Be kind! Those you live with may feel abandoned. Please be sensitive to their needs. • Acknowledge that sitting a retreat at home may feel awkward at times – for you and for those you live with. •
Share that you would like to spend the day in noble silence. Set up a way to write notes or to talk once a day if need be. If not possible, don’t be stingy with your talking or feel guilty when you do but please bring attention to wise speech. •
Ask for support in creating a quieter living space in general regarding TV and music. If not possible, be aware of sound as an aspect of your practice. • Post the broad outlines of the retreat schedule i.e. start-lunch-closing. •
If you have children, consider enlisting them as allies. Talk with them about what you are doing and ask for their help.
Please ensure you have enough food available before the retreat begins to keep you nourished. Keep your meals simple. If possible, prepare food ahead of time that can be eaten throughout the retreat. Consider writing yourself a meal plan to cut down on decision-making during the retreat.
Helpful Retreat Guidelines
Join each session of the retreat a few minutes early.
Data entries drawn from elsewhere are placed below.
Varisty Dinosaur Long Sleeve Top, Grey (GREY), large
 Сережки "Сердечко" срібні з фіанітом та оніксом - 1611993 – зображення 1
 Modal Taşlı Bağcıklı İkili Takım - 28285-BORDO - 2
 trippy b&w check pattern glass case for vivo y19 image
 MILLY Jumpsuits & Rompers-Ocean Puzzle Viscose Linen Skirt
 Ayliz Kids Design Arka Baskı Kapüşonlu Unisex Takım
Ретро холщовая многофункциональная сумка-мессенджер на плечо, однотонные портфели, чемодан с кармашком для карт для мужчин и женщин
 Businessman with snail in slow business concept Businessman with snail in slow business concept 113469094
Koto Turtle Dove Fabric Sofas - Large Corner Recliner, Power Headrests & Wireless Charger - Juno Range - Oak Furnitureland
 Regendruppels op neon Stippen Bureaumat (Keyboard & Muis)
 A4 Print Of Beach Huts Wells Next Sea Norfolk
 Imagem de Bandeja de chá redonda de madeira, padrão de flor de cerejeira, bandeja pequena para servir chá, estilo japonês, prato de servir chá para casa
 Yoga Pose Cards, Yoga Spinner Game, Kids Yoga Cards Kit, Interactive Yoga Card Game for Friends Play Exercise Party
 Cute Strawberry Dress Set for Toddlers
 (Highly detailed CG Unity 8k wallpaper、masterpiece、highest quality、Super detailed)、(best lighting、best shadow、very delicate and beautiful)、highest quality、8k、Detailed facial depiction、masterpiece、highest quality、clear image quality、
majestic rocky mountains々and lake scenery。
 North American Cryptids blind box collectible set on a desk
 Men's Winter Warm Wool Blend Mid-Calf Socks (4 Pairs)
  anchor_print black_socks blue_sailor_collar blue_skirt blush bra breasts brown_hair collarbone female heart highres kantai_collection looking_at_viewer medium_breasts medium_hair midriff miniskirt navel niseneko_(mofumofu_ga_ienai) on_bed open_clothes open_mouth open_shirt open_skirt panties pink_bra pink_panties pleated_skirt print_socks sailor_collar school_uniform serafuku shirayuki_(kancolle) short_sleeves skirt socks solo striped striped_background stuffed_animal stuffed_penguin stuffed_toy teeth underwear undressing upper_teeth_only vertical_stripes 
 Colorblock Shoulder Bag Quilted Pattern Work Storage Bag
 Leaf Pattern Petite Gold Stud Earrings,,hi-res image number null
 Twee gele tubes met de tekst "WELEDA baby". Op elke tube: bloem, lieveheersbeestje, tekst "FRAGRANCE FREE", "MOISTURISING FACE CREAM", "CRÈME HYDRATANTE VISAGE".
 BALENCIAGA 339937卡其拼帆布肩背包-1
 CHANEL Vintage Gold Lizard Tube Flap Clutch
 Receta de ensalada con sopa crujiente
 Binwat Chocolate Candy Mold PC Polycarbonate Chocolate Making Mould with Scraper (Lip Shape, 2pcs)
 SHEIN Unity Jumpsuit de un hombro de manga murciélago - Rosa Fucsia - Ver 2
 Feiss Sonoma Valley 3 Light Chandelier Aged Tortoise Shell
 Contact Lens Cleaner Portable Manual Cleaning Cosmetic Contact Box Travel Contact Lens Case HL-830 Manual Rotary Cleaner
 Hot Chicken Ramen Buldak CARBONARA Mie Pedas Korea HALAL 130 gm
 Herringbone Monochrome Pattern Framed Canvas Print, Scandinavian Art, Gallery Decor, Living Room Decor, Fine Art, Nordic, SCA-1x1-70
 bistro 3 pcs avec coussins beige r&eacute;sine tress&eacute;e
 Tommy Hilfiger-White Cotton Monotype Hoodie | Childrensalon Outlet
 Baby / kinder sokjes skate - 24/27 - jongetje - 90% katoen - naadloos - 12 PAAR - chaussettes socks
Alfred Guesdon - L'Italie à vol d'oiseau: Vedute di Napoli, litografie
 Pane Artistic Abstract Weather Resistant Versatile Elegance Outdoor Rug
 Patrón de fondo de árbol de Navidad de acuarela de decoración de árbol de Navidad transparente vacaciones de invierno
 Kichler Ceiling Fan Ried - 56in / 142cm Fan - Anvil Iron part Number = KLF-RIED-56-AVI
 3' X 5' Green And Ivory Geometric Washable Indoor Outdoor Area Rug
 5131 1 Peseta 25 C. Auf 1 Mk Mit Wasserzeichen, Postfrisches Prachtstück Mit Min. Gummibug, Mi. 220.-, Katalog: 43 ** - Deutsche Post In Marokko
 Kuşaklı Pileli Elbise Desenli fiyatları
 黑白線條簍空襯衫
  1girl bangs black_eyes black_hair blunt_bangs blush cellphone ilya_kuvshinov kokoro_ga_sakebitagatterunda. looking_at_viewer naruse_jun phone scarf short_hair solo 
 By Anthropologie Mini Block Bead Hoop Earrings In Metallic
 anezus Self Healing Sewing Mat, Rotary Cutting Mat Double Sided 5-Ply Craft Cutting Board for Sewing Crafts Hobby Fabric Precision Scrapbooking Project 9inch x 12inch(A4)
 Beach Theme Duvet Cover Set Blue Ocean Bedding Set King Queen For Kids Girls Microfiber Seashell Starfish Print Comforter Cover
This will support the teacher and your fellow retreatants. •
Please maintain noble silence as much as possible for the duration of the retreat; limit conversations with others at home as much as you can. •
Power off your phone for the entire time scheduled for the retreat on each day. Please don’t check your phone during breaks. You might put an “away” message on your email and voicemail and leave your phone out of reach so you are not tempted to check it during your retreat hours. •
Please consider taking a “news fast” for the duration of the retreat. Ask a friend who is not on retreat to let you know if there is any time-sensitive news you need to know. •
Refrain from reading and writing during the entire time scheduled for the retreat. That is, please don’t read during breaks. • Don’t multitask. •
When you can, we would appreciate you keeping your video on during our time together. This supports a sense of connectedness and sangha. However, it’s not a problem to turn it off from time to time if it’s more helpful for you to do so.